Related papers: Benchmarking LLMs for Predictive Applications in the Intensive Care Units

Benchmarking LLMs for Predictive Applications in the Intensive Care Units

URL: http://arxiv.org/abs/2512.20520v1
Date: Tue, 23 Dec 2025 17:08:31 GMT
Title: Benchmarking LLMs for Predictive Applications in the Intensive Care Units
Authors: Chehak Malhotra, Mehak Gopal, Akshaya Devadiga, Pradeep Singh, Ridam Pal, Ritwik Kashyap, Tavpritesh Sethi,
Abstract summary: This study compares large language models, including GatorTron-Base (trained on clinical data), Llama 8B, and Mistral 7B, against models like BioBERT, DocBERT, BioClinicalBERT, Word2Vec, and Doc2Vec.<n>To achieve meaningful clinical outcomes, future efforts in training LLMs should prioritize developing models capable of predicting clinical trajectories.
Score: 2.301368952468297
License: http://creativecommons.org/licenses/by/4.0/
Abstract: With the advent of LLMs, various tasks across the natural language processing domain have been transformed.

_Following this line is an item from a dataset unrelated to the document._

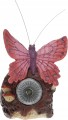 Lampka ogrodowa solarna LED motyl 11 cm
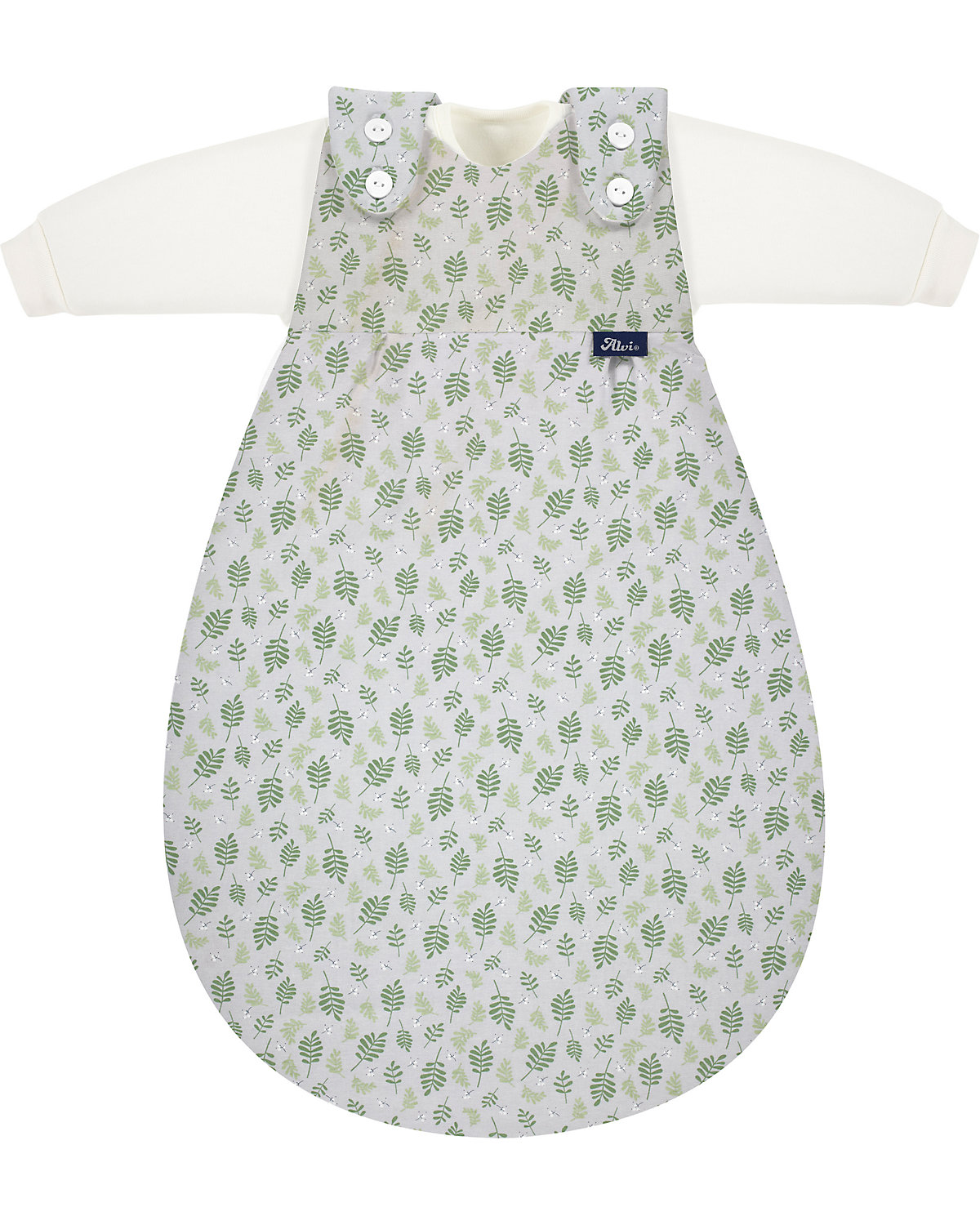 Baby-Mäxchen Schlafsack 3tlg. Bio Baumwolle - TOG 2,5 - Drifting Leaves, 80/86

However, their application in predictive tasks remains less researched. This study compares large language models, including GatorTron-Base (trained on clinical data), Llama 8B, and Mistral 7B, against models like BioBERT, DocBERT, BioClinicalBERT, Word2Vec, and Doc2Vec, setting benchmarks for predicting Shock in critically ill patients. Timely prediction of shock can enable early interventions, thus improving patient outcomes. Text data from 17,294 ICU stays of patients in the MIMIC III database were scored for length of stay > 24 hours and shock index (SI) > 0.7 to yield 355 and 87 patients with normal and abnormal SI-index, respectively. Both focal and cross-entropy losses were used during finetuning to address class imbalances. Our findings indicate that while GatorTron Base achieved the highest weighted recall of 80.5%, the overall performance metrics were comparable between SLMs and LLMs. This suggests that LLMs are not inherently superior to SLMs in predicting future clinical events despite their strong performance on text-based tasks. To achieve meaningful clinical outcomes, future efforts in training LLMs should prioritize developing models capable of predicting clinical trajectories rather than focusing on simpler tasks such as named entity recognition or phenotyping.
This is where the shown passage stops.